Last fall Mia had her tonsils out.  At that time her antibodies were all wacky.  A couple of months later they were checked again and were still off.  We moved from the ENT doctor to an immunologist.  She did some more background and more tests. After a couple of sets of tests she sent us to the Hematology/Oncology clinic.  Casey took her to her first appointment because I was on my way to Women's conference in Provo.  He called that night to say they wanted to do a bone marrow biopsy the next day and so early the next morning I drove back to Boise to be home in time.  The doctors did not find cancer or leukemia.  The next week she went in again to have a lymph node biopsy done.  During this time it was discovered that her distended belly was in fact a very enlarged spleen.  After nearly two months of tests, Stanford finally came back with an answer.  Mia was diagnosed with a rare lymphoma.  Angio immunoblastic T-cell lymphoma.

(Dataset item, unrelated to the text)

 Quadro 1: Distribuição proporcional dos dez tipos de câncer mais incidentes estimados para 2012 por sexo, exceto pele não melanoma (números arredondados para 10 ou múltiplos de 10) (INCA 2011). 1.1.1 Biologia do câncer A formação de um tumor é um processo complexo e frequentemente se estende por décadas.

This lymphoma is generally found in men over the age of 60.  It is essentially unheard of in children.  Her doctors are following the same chemotherapy protocol used for adults, tailored to her age and size.  The plan is for her to receive 6 treatments of CHOP plus etopiside at 15 day intervals.  CHOP stands for the four of the drugs they use.  She had one round already.  The second round has been delayed a bit as they are waiting for her white blood cell counts to improve.  In order to help her recover more quickly another medicine, a hormone, is being added to the regimen.

Mia will also receive an autologous bone marrow transplant.  This means that stem cells will be harvested from her own blood and stored to be transplanted later.  So after the third round of Chemo we will head down to Primary Childrens Hospital in Salt Lake City.  We will spend up to a week there so that the harvest can occur.  Then we will be back home.  After the final round of Chemo will head back to Primary Childrens to receive the transplant.  She will be in the hospital for 3-4 weeks until her white blood cell counts start to recover.  Afterwards, because of the possible complications, she and I will be required to stay in the area for about 2 1/2 months.

Mia has really not been feeling very well over the last couple of months.  She did all right with the first round of treatments although she did get mouth sores and super stringy saliva.  Because she has lost 20 pounds over the last couple months the doctors were concerned about her weight.  So they put an NG tube in and she gets pediasure continuously.  This helps a lot because she just doesn't eat much at all.

Today she went to Young Women's for the first time in several months.  She was so excited to be there.